PROMOTING USE OF PRO DATA

The FDA wants to proactively engage sponsors to discuss trial designs to improve consistency of Patient Reported Outcome (PRO) data, Tatiana Prowell, the FDA Breast Cancer Scientific Lead told delegates. To this end, the FDA has recently appointed PRO leads for each of its three divisions in the Office of Hematology & Oncology Products.

The 2012 FDA Safety and Innovations Act, Prowell explained, created a mandate to include patient perspectives in drug development. “PRO data can support accelerated or regular approval, but should be held to the same high standards as other endpoints,” said Prowell, who also works at Johns Hopkins Kimmel Cancer Center.

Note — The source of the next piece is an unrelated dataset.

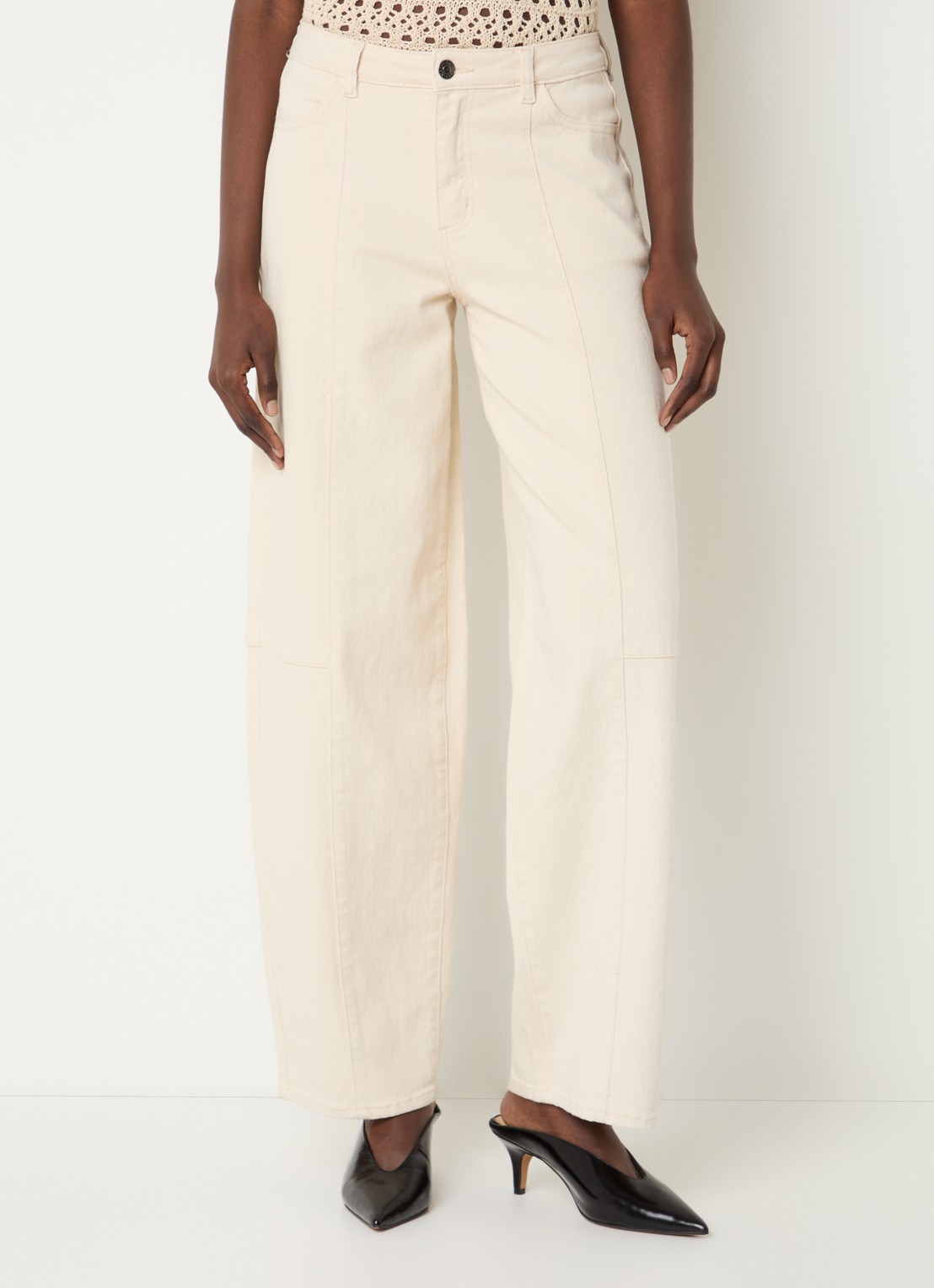Modström Unika high waist straight fit broek met steekzakken - detail 4 zand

Patient-reported symptoms, studies have shown, demonstrate better correlations with disease status than clinician-reported symptom but issues remain around PRO reproducibility (whether patients give the same answers when retested), appropriate periods of recall, and whether appropriate language translations are available. “Most importantly, can you detect responses to the intervention that represent clinically meaningful changes for patients?”

The demonstration of spleen size reduction in myelofibrosis patients treated with ruxolitinib offers a good example of a successful PRO programme that achieved accelerated approval in a trial involving just 300 patients. Here sponsors engaged early with FDA advisors to discuss trial endpoints resulting in the development of a simple PRO tool including six symptoms of direct relevance to patients. Other noteworthy features included ‘real-time’ PRO data collection submitted electronically with palm pilots (then state of art). “Every day the alarm would go off and patients would answer six questions then hit submit. This resulted in minimal missing data, “said Prowell, adding that other features included enrolling patients who were symptomatic from their disease (and could therefore show improvements), and a pre-specified statistical analysis plan that aimed to demonstrate superiority.

While it took time for the companies to meet with FDA and develop the PRO tool, the process resulted in a better development and registration strategy,” said Prowell. The FDA, she added, is in the process of building a PRO research agenda exploring issues such as missing data, the issue of bias in open label trials, cultural/ language adaptations, and use of single item global scores.